Notice the strong bond in these maternal images. The deep compassion and care. The nourishment, delight, and comfort. Maternal love finds its origin in the heart of God. These passages illustrate how God is everything to us that our earthly mothers perhaps could not be.
A woman I know who ministers internationally in various church circles described a time when, right after she had spoken to a group of women, the Holy Spirit prompted her to give an altar call for those who had experienced a mother-wound. Much of the crowd immediately flooded forward to receive prayer. Perhaps it is of particular significance when a woman is wounded by her mother. As females, we desire to see an example in our mothers to which we can aspire. It’s an identity issue.
But the healing of mother-wounds in the soul is not limited to women.
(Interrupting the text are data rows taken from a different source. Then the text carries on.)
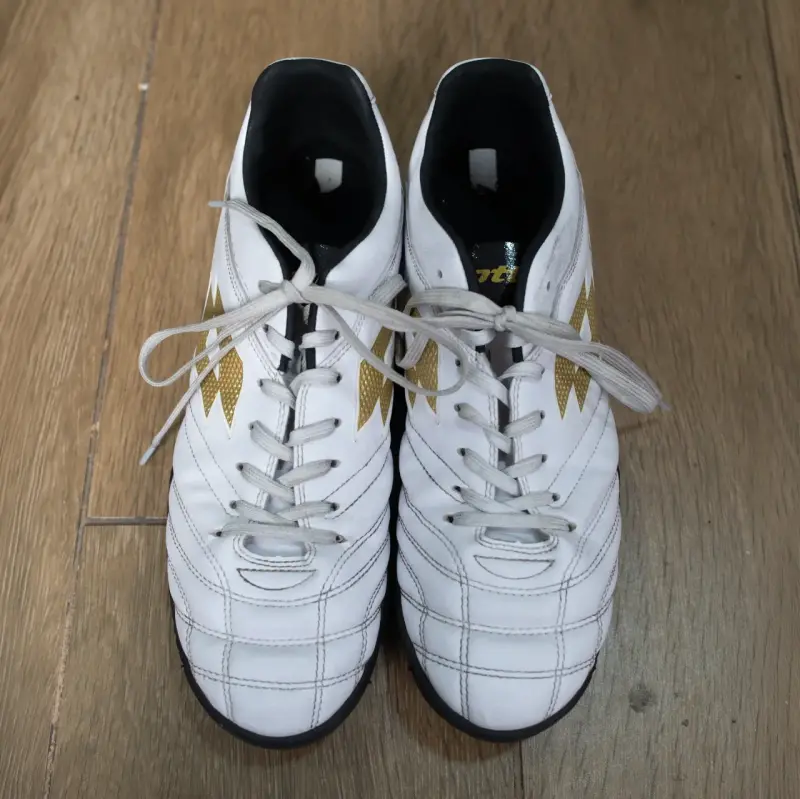 Zapatillas de futbolito Lotto blancas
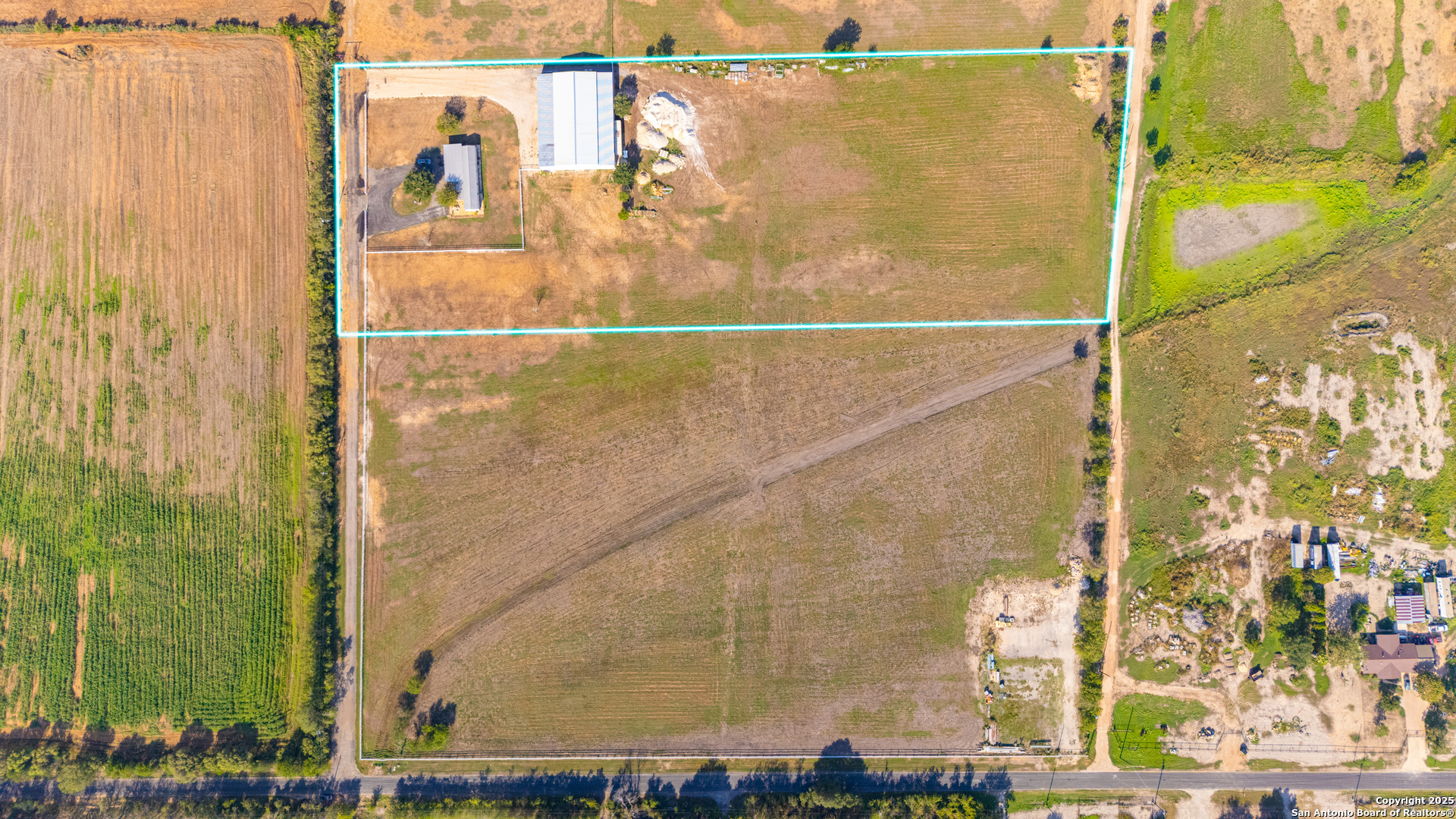 11791 Kinney Rd, Atascosa, TX 78002 — photo 1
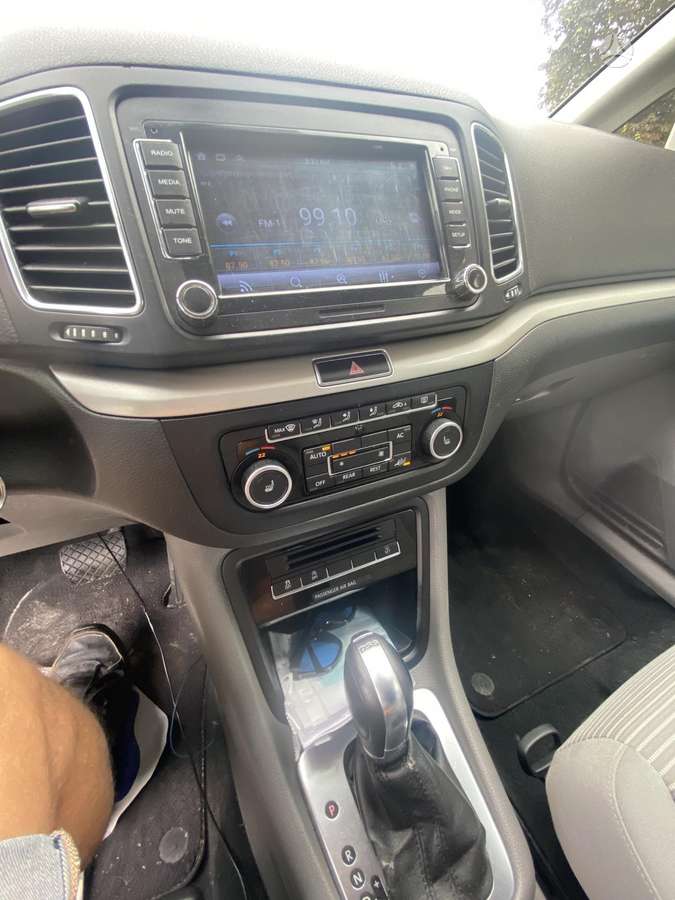 Seat Alhambra 2012 — photo 11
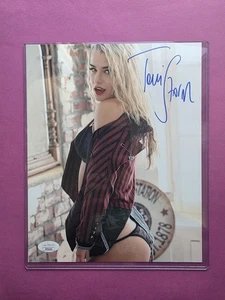 Fotografía firmada a mano 8x10 por Toni Storm autógrafo retrato firma AEW JSA - Imagen 1 de 2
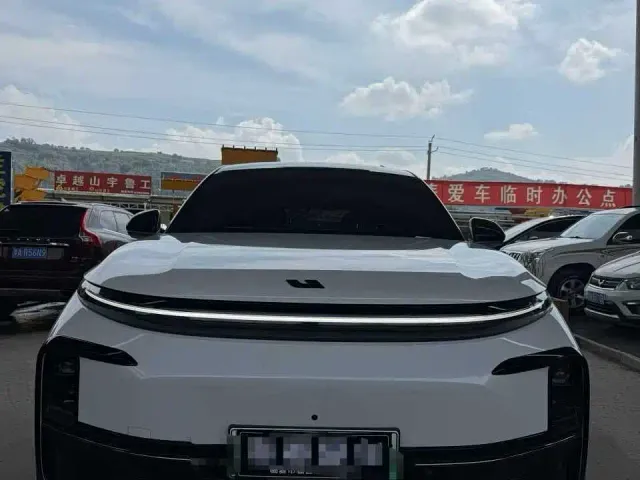 Li Auto L7 — Фото автомобиля 9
Men also benefit from understanding the dynamics of how their earthly mother’s actions have influenced their view of God.
As is true of fathers, the degree to which our mothers nurtured us, comforted us, delighted in us, showed compassion to us, and bonded with us impacts the degree to which we can readily receive the love of God. Perhaps the Psalmist understood something of this when he wrote, “Though my father and mother forsake me, the LORD will receive me” (Psalm 27:10, NIV).
The God who transcends gender is the God who wants to heal us in all our broken places. May we be enlightened concerning God’s nature, may our souls find healing, and may we fully embrace God’s love.